Esta transformación acompaña toda
la narración: La traición y arresto de Jesús en el Huerto de los Olivos, las
afrentas en casa del sacerdote Caifás y en el pretorio de Pilato, la tortura de
la flagelación, la corona de espinas y el manto púrpura, la proclamación que
hace de él Pilato: ¡He ahí al Hombre!,
Aquí tienen a su Rey!, todos son preparativos de su entronización. En su
cruz se ha escrito su título de rey. Levantado en alto, se cumple lo que había
dicho: Cuando sea elevado sobre la
tierra, atraeré a todos hacia mí (Jn 12,32).
De este modo la cruz, patíbulo infame,
se convierte en el trono del Hijo de Dios, desde el que juzga y derrota a la
maldad del mundo (cf. Jn 12,31). San
Pablo dirá: Donde abundó el pecado, sobreabundó
la gracia (Rom 5, 20). Toda la injusticia y maldad del mundo se concentran
para dar muerte al inocente. Todo el amor con que Dios y su Hijo aman al mundo
llega hasta el extremo de aceptar este destino y vencer esa misma maldad con el
perdón, la bondad y la misericordia.
Jesús convierte su muerte, de
asesinato perverso en ofrenda voluntaria de su cuerpo entregado y de su sangre
derramada como la prueba suprema de cuánto es capaz de hacer Dios para que
nadie se pierda, para que la maldad no triunfe en ninguno de sus hijos e hijas.
Mirando la cruz no podemos dejar de ver ¡cuánto nos ama Dios!
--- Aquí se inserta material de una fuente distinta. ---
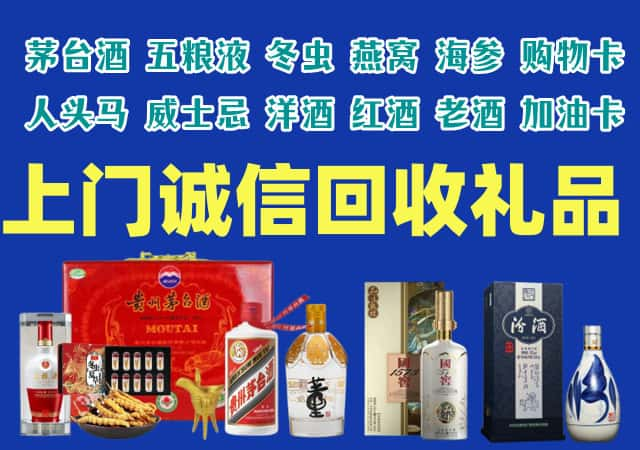 金阳县烟酒回收店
La pasión y muerte de Jesús son el
triunfo del amor. Por eso, Juan nos hace advertir la serie de pequeños y
grandes actos del amor misericordioso de Jesús que se suceden durante su
pasión. Todo es don en la pasión y muerte del
Señor: continúa preocupándose por los suyos y pide que lo arresten a él
solo, confía su madre al discípulo...
Y, con la convicción de haber
realizado plenamente la misión que el Padre le ha encomendado, inclina la
cabeza y nos da el Espíritu. Finalmente, de su costado traspasado por la lanza,
sale sangre y agua, signos de la Iglesia ahí representada en el agua del
bautismo y la sangre de la eucaristía. La sobreabundancia de mal es cambiada
por el amor del Padre, por Jesús y con el Espíritu, en sobreabundancia de bien.
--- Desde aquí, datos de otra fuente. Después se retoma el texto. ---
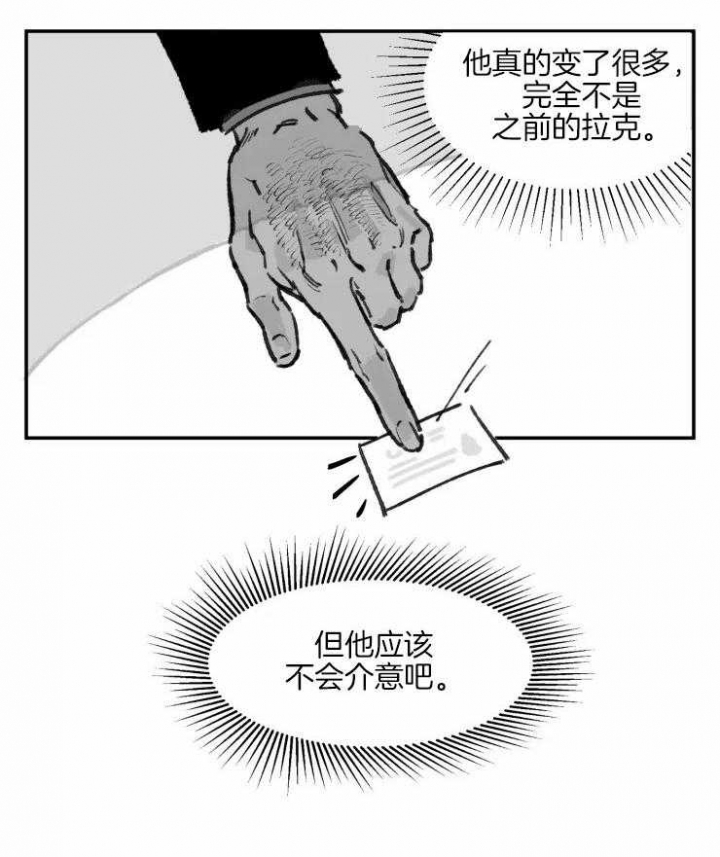 第12话23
Se nos invita, pues, a contemplar
la cruz del Señor y admirarnos del amor de Dios por la humanidad, por cada ser
humano en concreto, por ti, por mí. Se nos invita a creer en el valor de la
vida humana que ha sido amada por Dios hasta este punto. Se nos invita a mirar
el Corazón traspasado de Cristo – Mirarán
al que atravesaron – para que sea
Él quien marque la dirección y sentido del camino por donde se alcanza la vida
verdadera: camino del amor que mueve a amar como somos amados. Así nos haremos
fuertes para llevar nuestra cruz, como Jesús llevó la suya, para hacer de ella
una ocasión recóndita de entrega y ofrecimiento.
Con estos sentimientos, adoremos la cruz salvadora. Contemplemos
al Señor levantado a lo alto y supliquémosle que nos mire como miró a su
bendita madre o al discípulo al que tanto quería y digámosle:
«Acuérdate
de mí, Señor, con misericordia, no recuerdes mis pecados, sino piensa en tu
cruz; acuérdate del amor con que me amaste hasta dar tu vida por mí; acuérdate
en el último día de que durante mi vida yo sentí tus sentimientos y compartí tus
sufrimientos con mi propia cruz a tu lado. Acuérdate entonces de mí y haz que yo
ahora me acuerde de ti» (Bto. Henry Newman).